*Given entries*
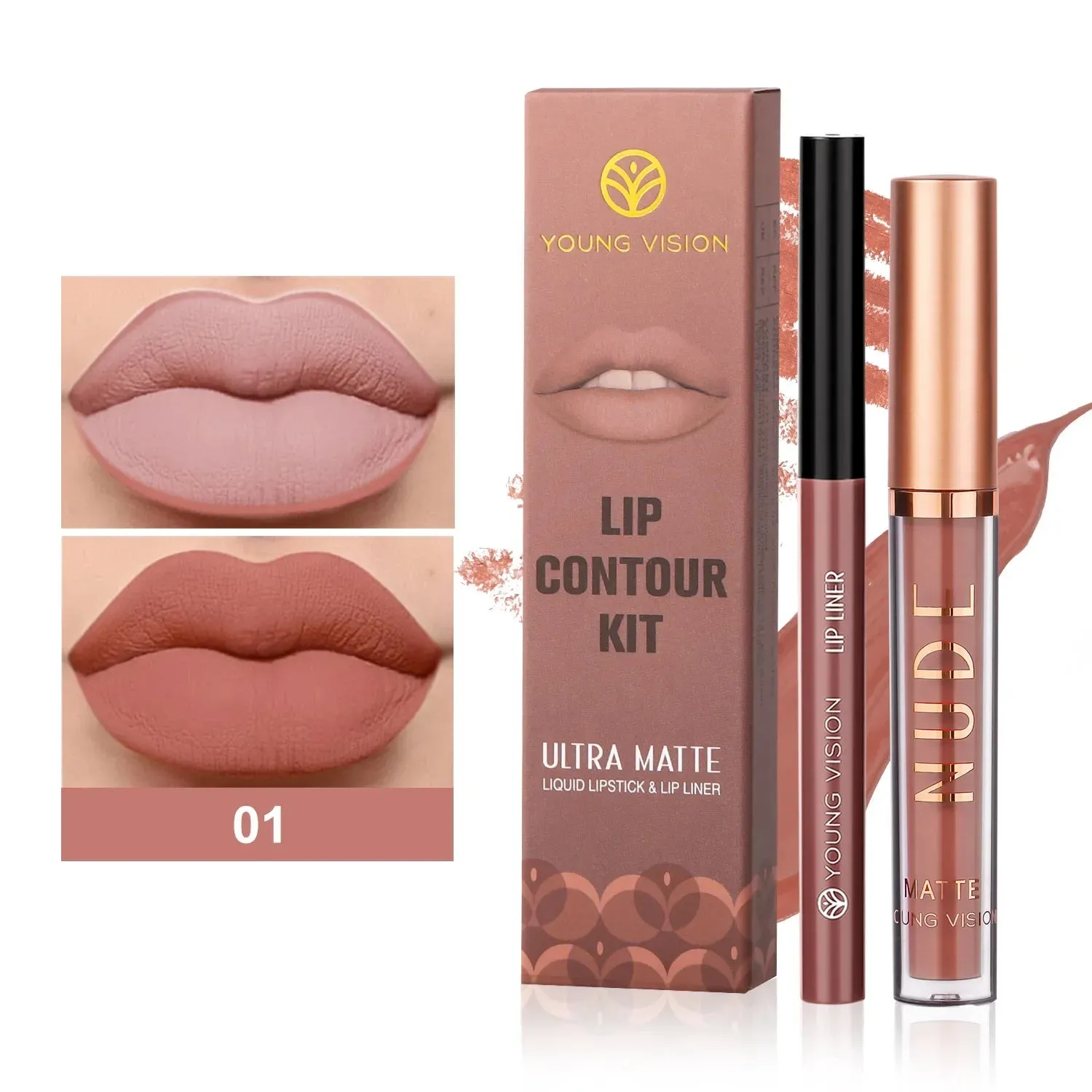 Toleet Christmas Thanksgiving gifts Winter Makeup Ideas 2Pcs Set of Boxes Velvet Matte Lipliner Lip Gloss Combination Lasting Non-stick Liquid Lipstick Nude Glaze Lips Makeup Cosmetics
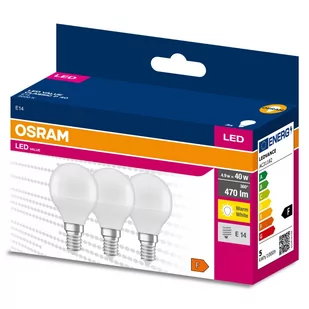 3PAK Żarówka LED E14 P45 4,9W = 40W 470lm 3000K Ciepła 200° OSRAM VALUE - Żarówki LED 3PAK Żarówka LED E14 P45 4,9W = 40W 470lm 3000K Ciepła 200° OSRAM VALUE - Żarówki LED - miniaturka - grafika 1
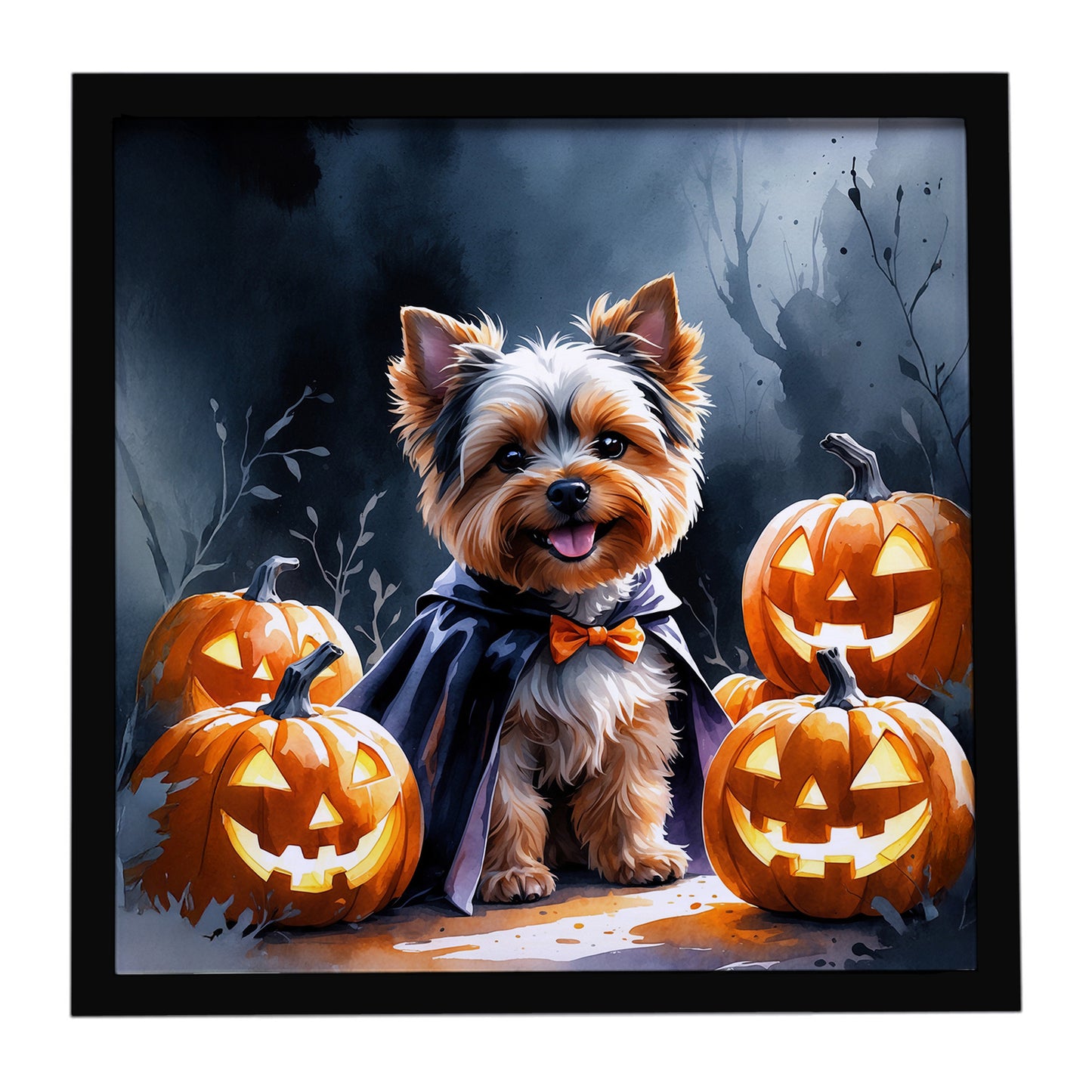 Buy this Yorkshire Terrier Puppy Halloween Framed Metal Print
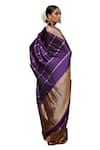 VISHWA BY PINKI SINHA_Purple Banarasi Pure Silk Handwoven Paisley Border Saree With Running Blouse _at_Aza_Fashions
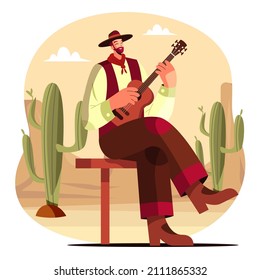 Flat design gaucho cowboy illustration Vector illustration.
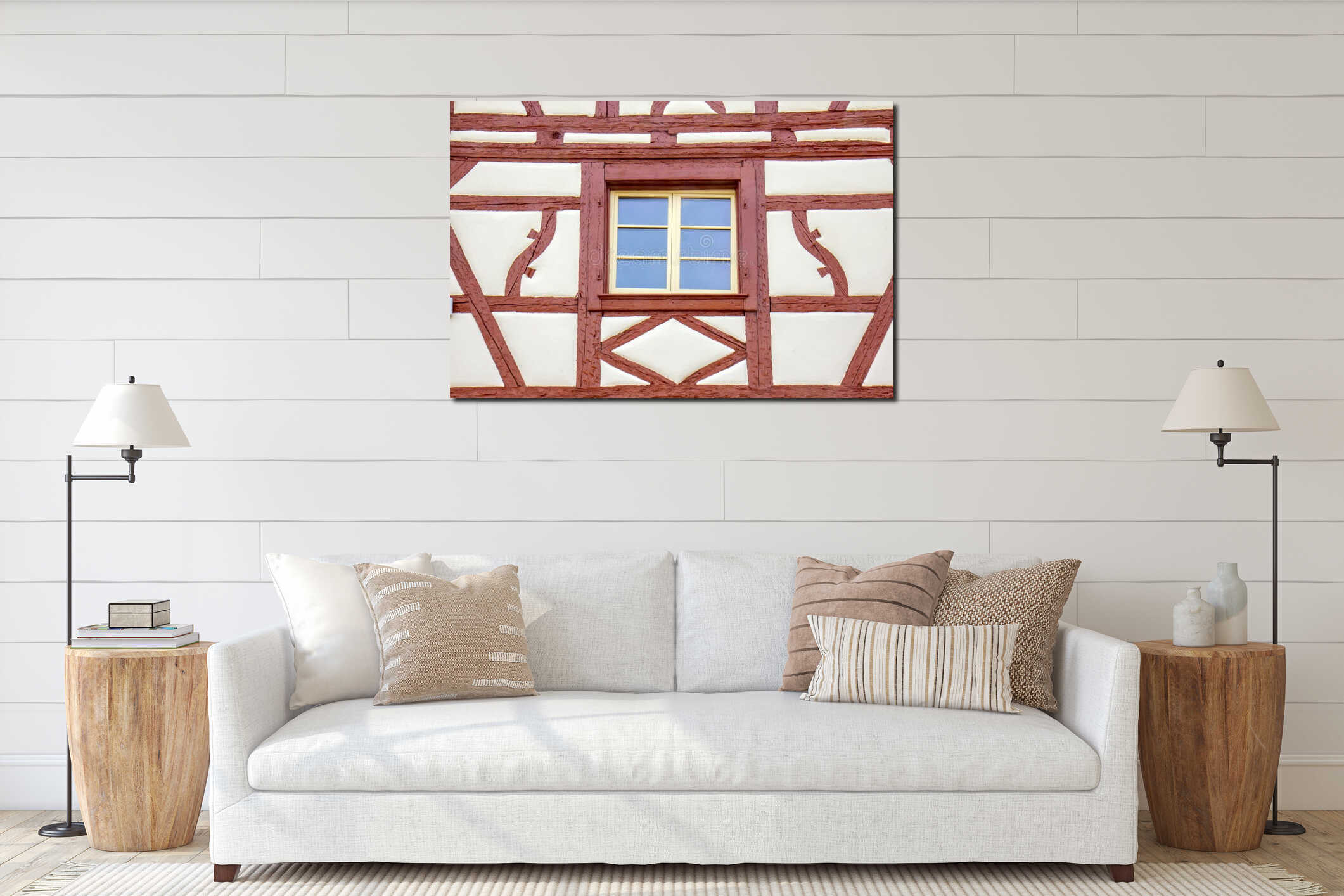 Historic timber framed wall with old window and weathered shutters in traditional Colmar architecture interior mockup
--
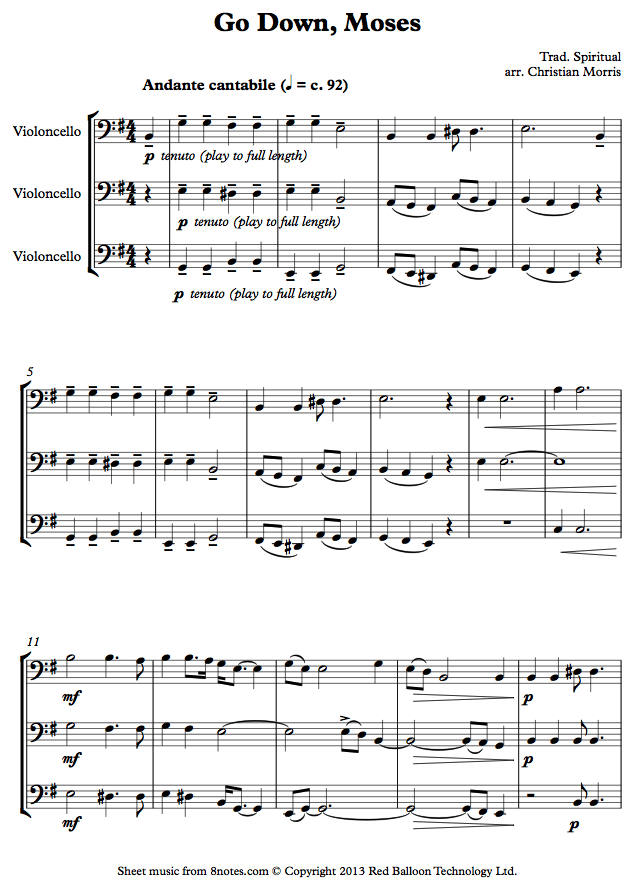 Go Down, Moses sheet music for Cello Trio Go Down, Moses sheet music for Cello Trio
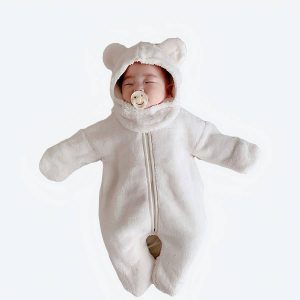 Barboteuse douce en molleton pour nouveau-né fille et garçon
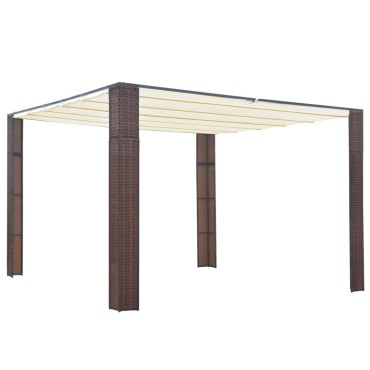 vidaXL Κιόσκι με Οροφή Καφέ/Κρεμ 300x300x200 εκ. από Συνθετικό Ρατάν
--
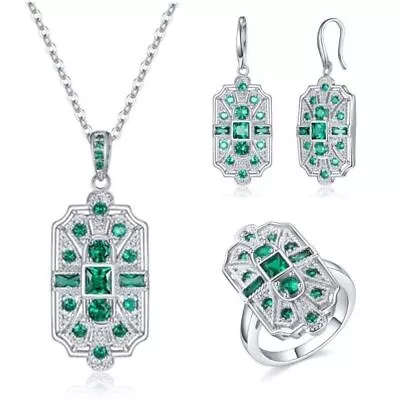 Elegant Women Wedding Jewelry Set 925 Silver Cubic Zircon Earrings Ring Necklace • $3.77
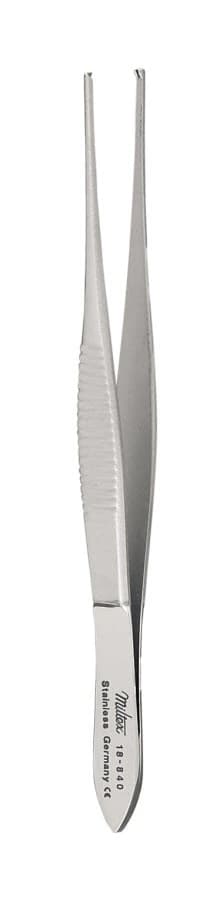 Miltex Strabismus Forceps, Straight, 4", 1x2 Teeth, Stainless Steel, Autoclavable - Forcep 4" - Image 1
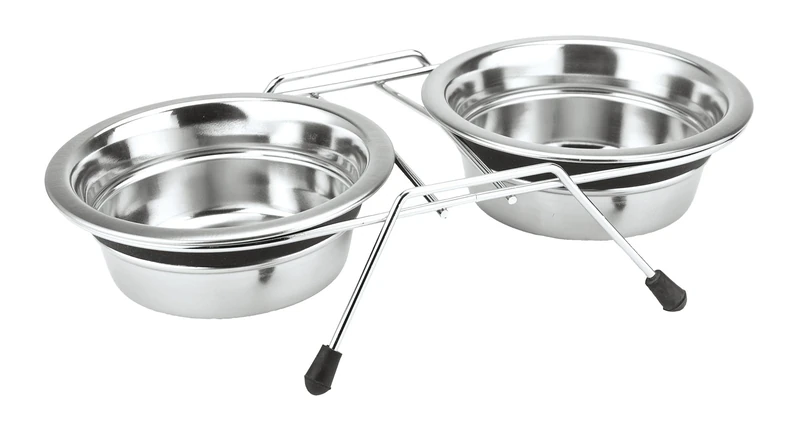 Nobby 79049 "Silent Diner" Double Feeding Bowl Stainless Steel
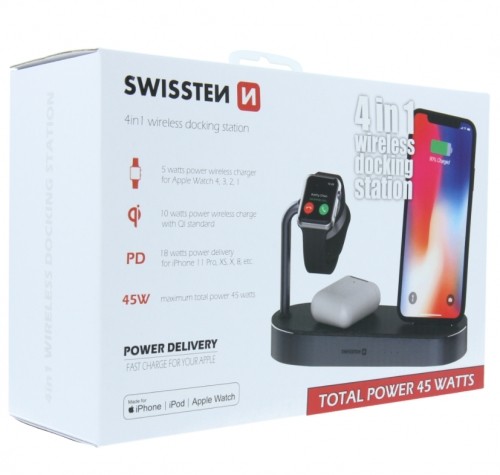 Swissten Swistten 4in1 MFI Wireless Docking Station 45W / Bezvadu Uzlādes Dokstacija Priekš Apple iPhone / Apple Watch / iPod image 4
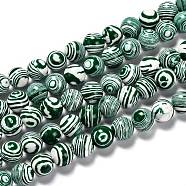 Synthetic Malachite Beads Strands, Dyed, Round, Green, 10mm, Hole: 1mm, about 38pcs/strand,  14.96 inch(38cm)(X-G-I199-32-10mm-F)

*What you need to do*
Keep to the stretch from the line containing "Flat design gaucho" through the line containing "Historic timber framed", both ends included, and copy it exactly from the listing above, minus the pictures.

*Exercise output*
 Flat design gaucho cowboy illustration Vector illustration.
 Historic timber framed wall with old window and weathered shutters in traditional Colmar architecture interior mockup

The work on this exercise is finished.